= TO DO =
Without reproducing any image, print the listing below exactly.

= DATA BELOW =
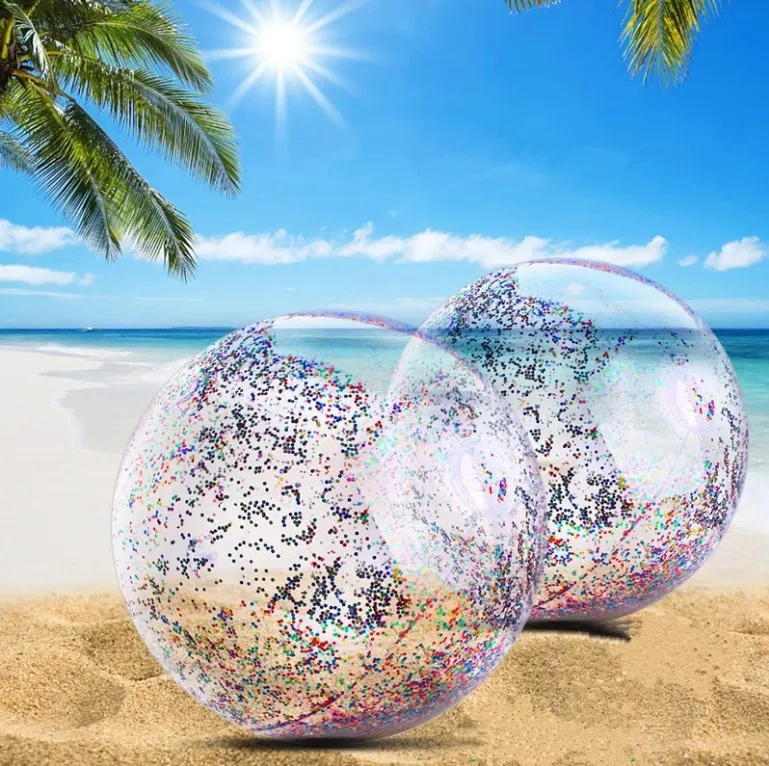Pelota de playa de lentejuelas de 24 pulgadas, globos de agua intermitentes de PVC transparente, Polo, juguete inflable, accesorios para fotos, piscinas, herramientas divertidas para jugar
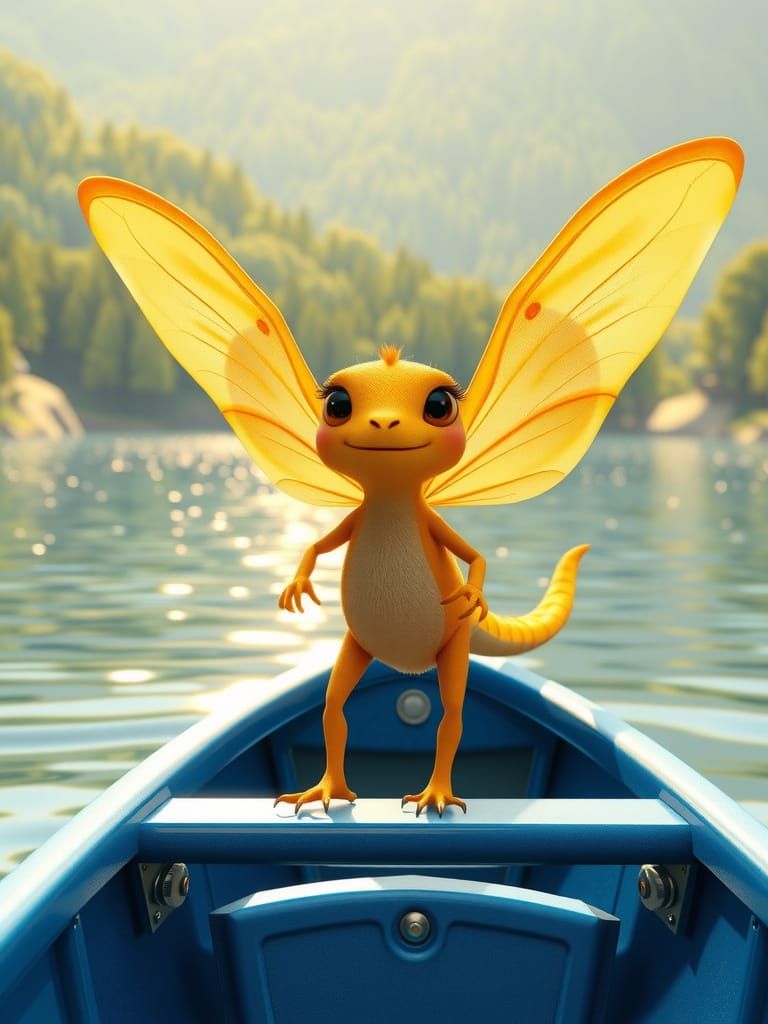 Serene Dragonfly Discovers Tranquil Lake Landscape in 3D Ani...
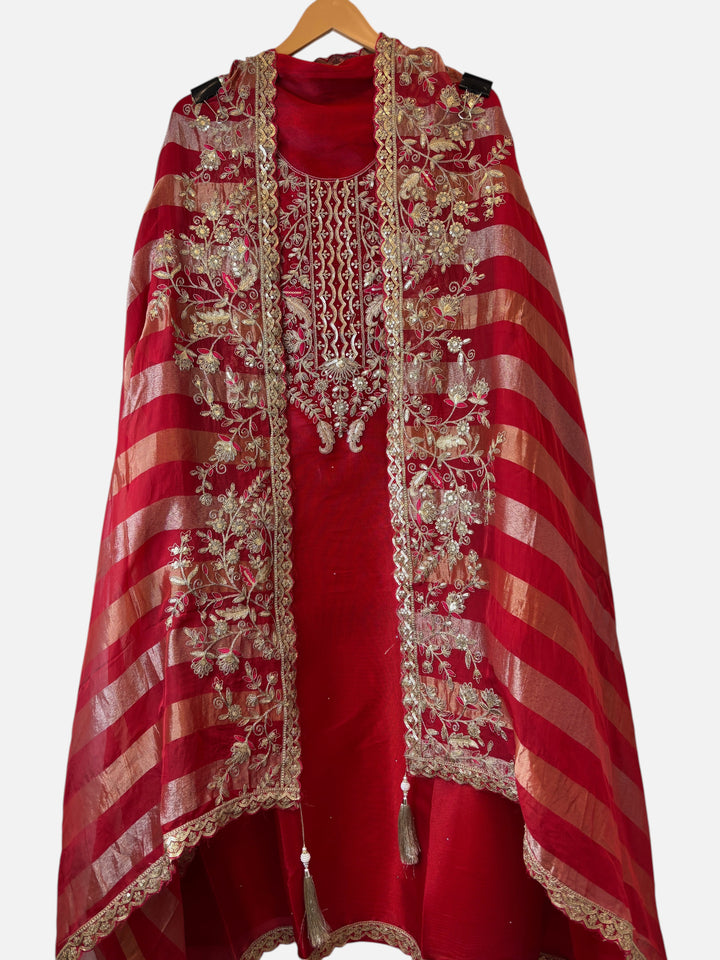 Design by Pakiza red organza silk 3-piece ensemble with intricate dori, sequin, and stone embellishments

= SOLUTION FOR THIS EXERCISE =
Pelota de playa de lentejuelas de 24 pulgadas, globos de agua intermitentes de PVC transparente, Polo, juguete inflable, accesorios para fotos, piscinas, herramientas divertidas para jugar
 Serene Dragonfly Discovers Tranquil Lake Landscape in 3D Ani...
 Design by Pakiza red organza silk 3-piece ensemble with intricate dori, sequin, and stone embellishments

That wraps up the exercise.